The Environment is the cause, not Iron Deficiency

The reaction to gold in some people is a medical-chemical puzzle, but some causes are well documented. The medical term for this reaction is called black dermographism, meaning black writing on the skin. Evidence shows that the marks can come from the gold jewelry, whether 10, 14, 18 karat gold.  Because gold jewelry cannot be the too soft pure gold (24 karat), it is mixed with metal alloys like nickel, copper, zinc and silver.   It is not, as is popularly thought, that the afflicted wearer has an iron deficiency, but a breakdown of the alloy metals in the piece of jewelry.

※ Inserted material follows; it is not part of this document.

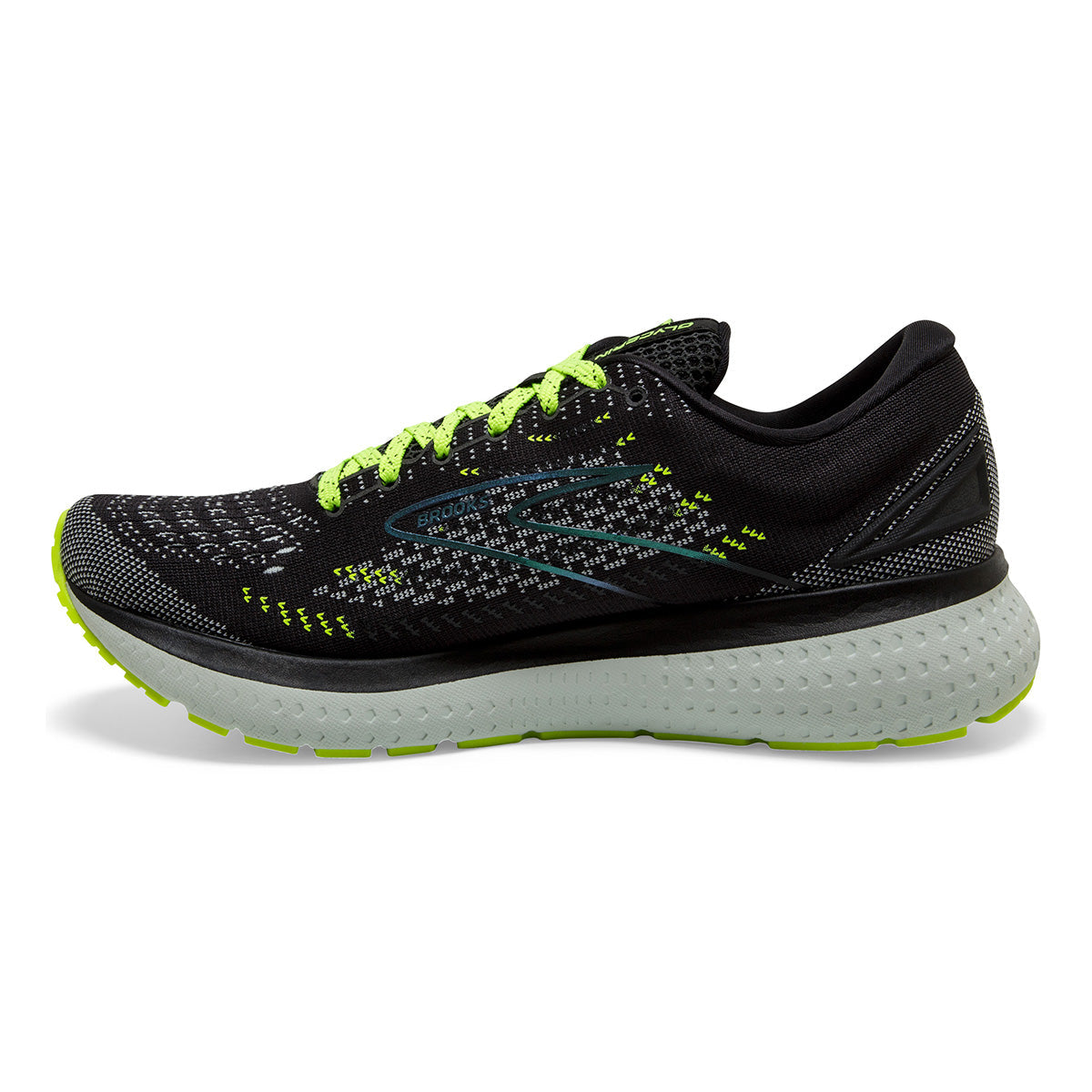Brooks Glycerin 19 Run Visible — Black - Nightlife - Spa Blue — Size B — Width 10.5 — Detail View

When you wear a piece of jewelry, and even when putting it on, metallic abrasion can occur. This minuscule abrading is caused by salt in the air, sulfur, acids, and very often, cosmetics on the skin. When you put your jewelry on, your hands may have residue from cosmetics containing zinc, titanium dioxide, and ferric oxide, to name a few. These will rub off tiny fragments of the gold, and these particles look like a black dust. In fact, contrary to common belief, 18 karat gold will leave smudges more easily than gold of lesser purity. It is not because the jewelry is "cheap" that it causes the black marks.

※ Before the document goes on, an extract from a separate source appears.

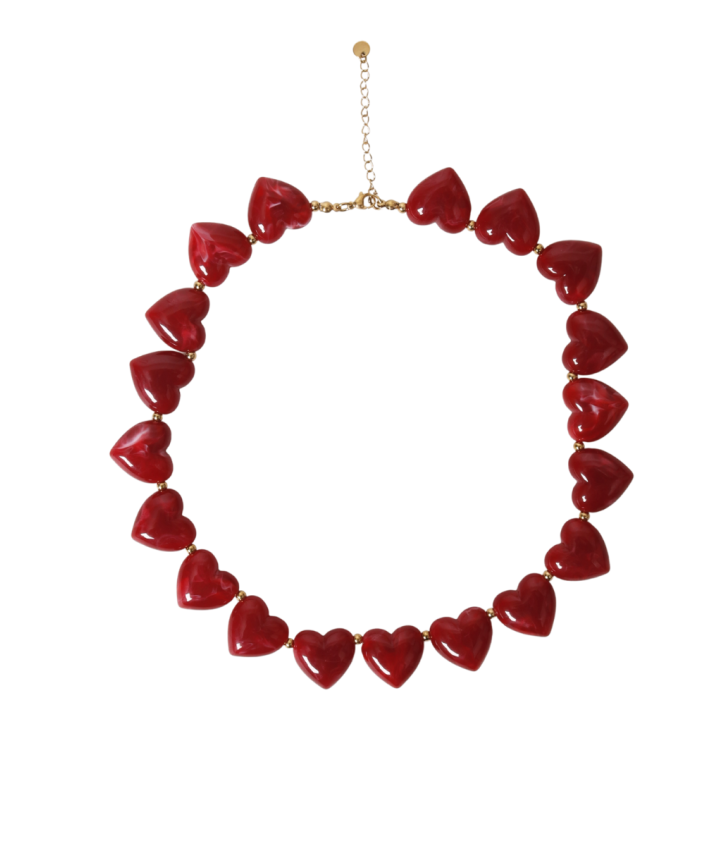 Kralenketting met XL hartjes in rood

If you are suffering from blacking of your skin when you have contact to a gold piece of jewelry, analyze your surroundings. Do you live in an area that has salty air? Are you perspiring a lot? Is there air pollution where you live? Are you using lotions or cosmetics? Does your skin stay damp where the jewelry touches you? These are some of the causes of the marks.

To help cut down on the skin blackening, or black dermographism, from gold jewelry, make a habit of removing your jewelry often and cleaning both your skin and the jewelry before putting it on. Painting on a bit of clear nail polish will help to minimize the abrasion as well.  This also helps with any allergies to the metals in the gold jewelry.